In general, you will not necessarily get more assets out of the divorce just because your spouse cheated. In New York, property is divided based on “Equitable Distribution” Law and not based upon the fault of one of the parties. First, it is determined whether property is separate or marital. Then, once the marital property is identified, the Court will use “Equitable Distribution” to divide it.
All property will be looked at to figure out if it is separate or marital. Separate property in a divorce is property a spouse owned before the marriage, inheritances, personal injury awards or gifts from someone else during the marriage. Separate property stays separate as long as it is not mixed with martial property.
Marital property in a divorce is all property either spouse bought during the marriage. Regardless of who is named as owner, if the property was acquired after you were married, then it is marital.
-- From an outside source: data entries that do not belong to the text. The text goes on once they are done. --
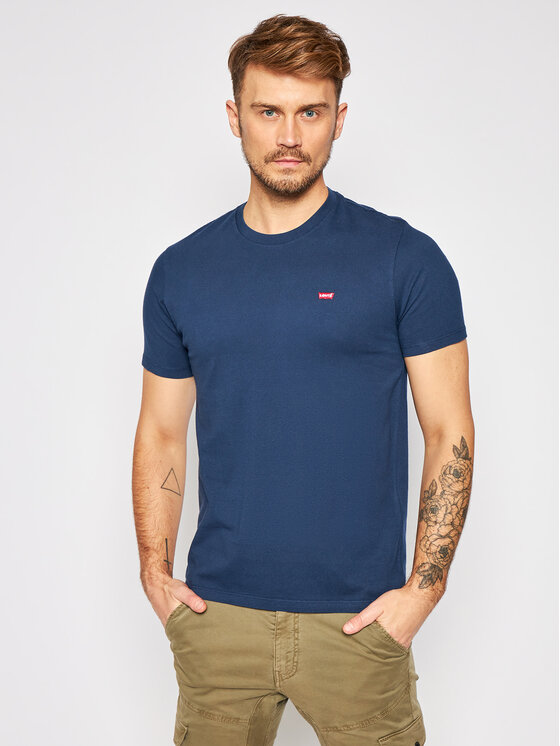 Levi's® Тишърт The Original 56605-0017 Тъмносин Regular Fit за Мъже цена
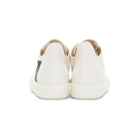 Rick Owens Drkshdw Off-White Low Sneakers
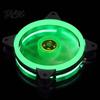 Universal 12cm 15LED Dual Aperture Silent PC Computer Case Cooling Fan Cooler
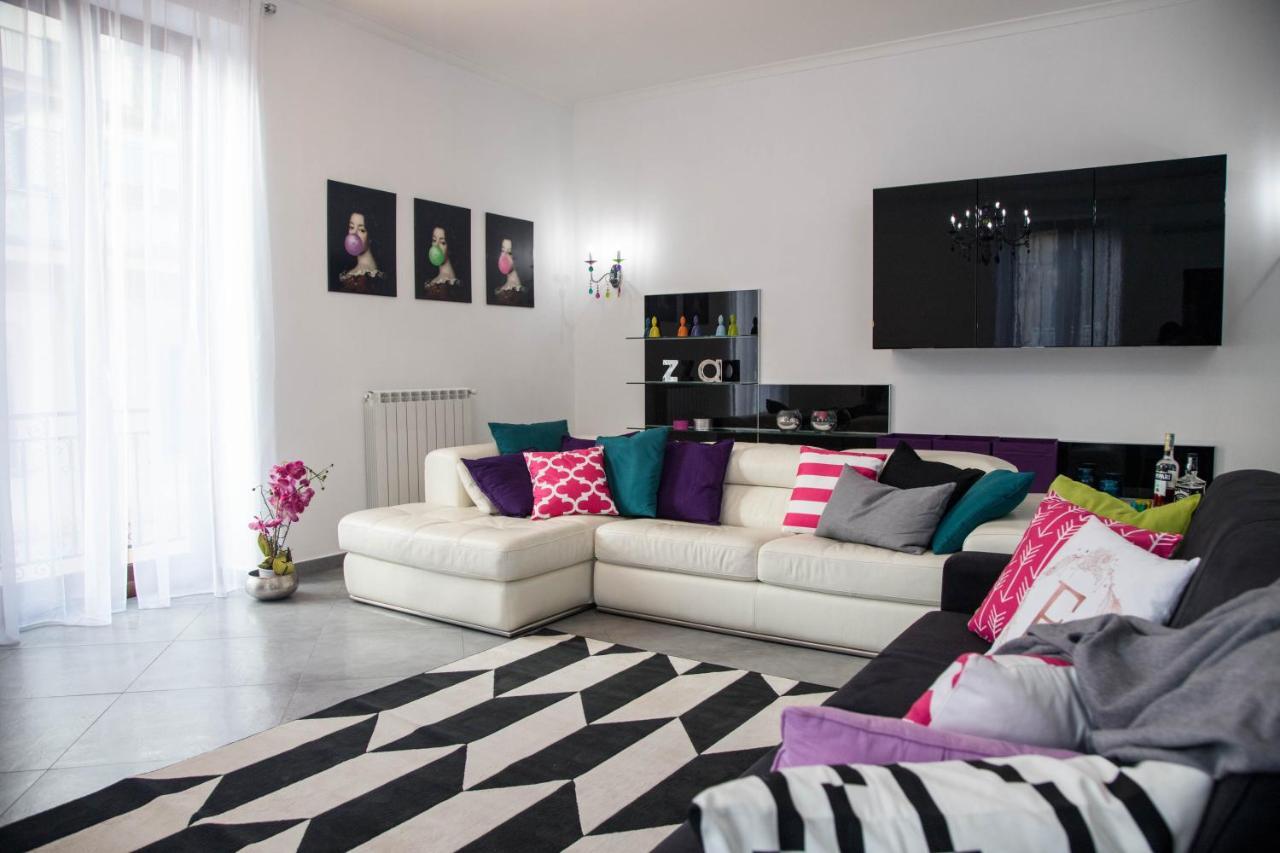 Ferdinando Arthouse Oversized Modern Apartment - By Gocce Team Naples Exterior photo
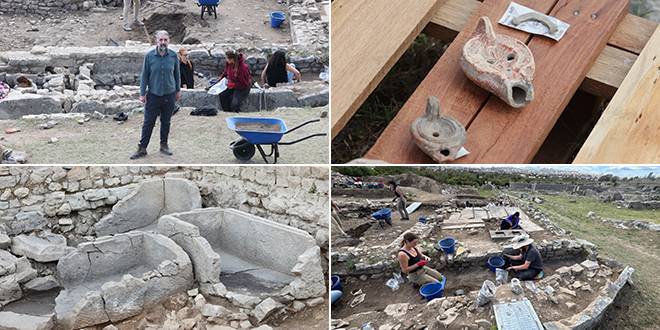 FOTO/VIDEO: U istočnom dijelu Salone arheolozi otkrili dosad nepoznat kompleks iz kasne antike
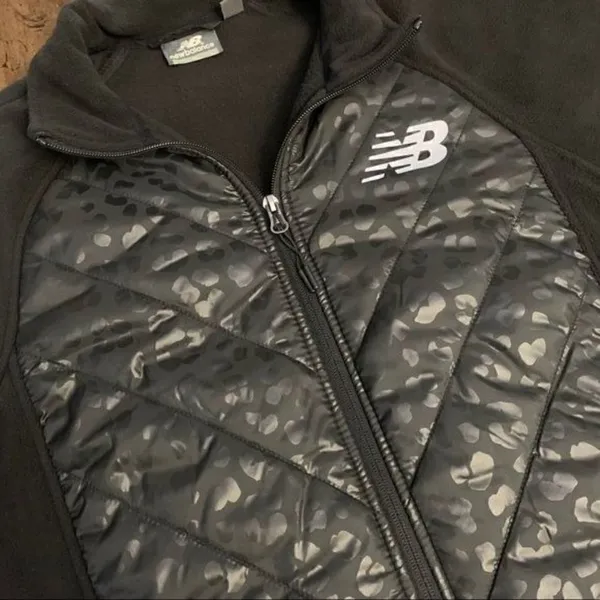 New Balance NWOTs Quilted Cloud Fleece Jacket - Image 5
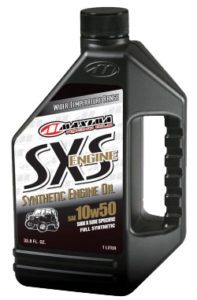 Maxima’s new SXS SYN 10W-50 is the latest addition to its side-by-side lubricants.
New York is an equitable distribution state. What that means is that in a divorce, the property that is marital will be split based according to what is fair. What is fair does not always mean equal or 50/50. When determining fairness, the court considers the couple’s income, their living situations before and after the divorce, who will have custody of the children, and wasteful dissipation of assets, among other things.
Wasteful Dissipation of Assets
If the Court feels that your spouse used marital money in a wrongful way and you incurred a loss because of it, then the Court might give you more in the divorce. What is “Wasteful Dissipation” is determined on a case by case basis, but sometimes has included gambling, alcohol or drug use, poor business decisions, and spending money on a girlfriend/boyfriend.
If your spouse’s cheating does not amount to wasteful dissipation of marital assets, then the Court will determine what assets are separate and marital and divide everything based on what it feels is equitable or fair. You will not automatically get more because your spouse cheated, but it may be considered.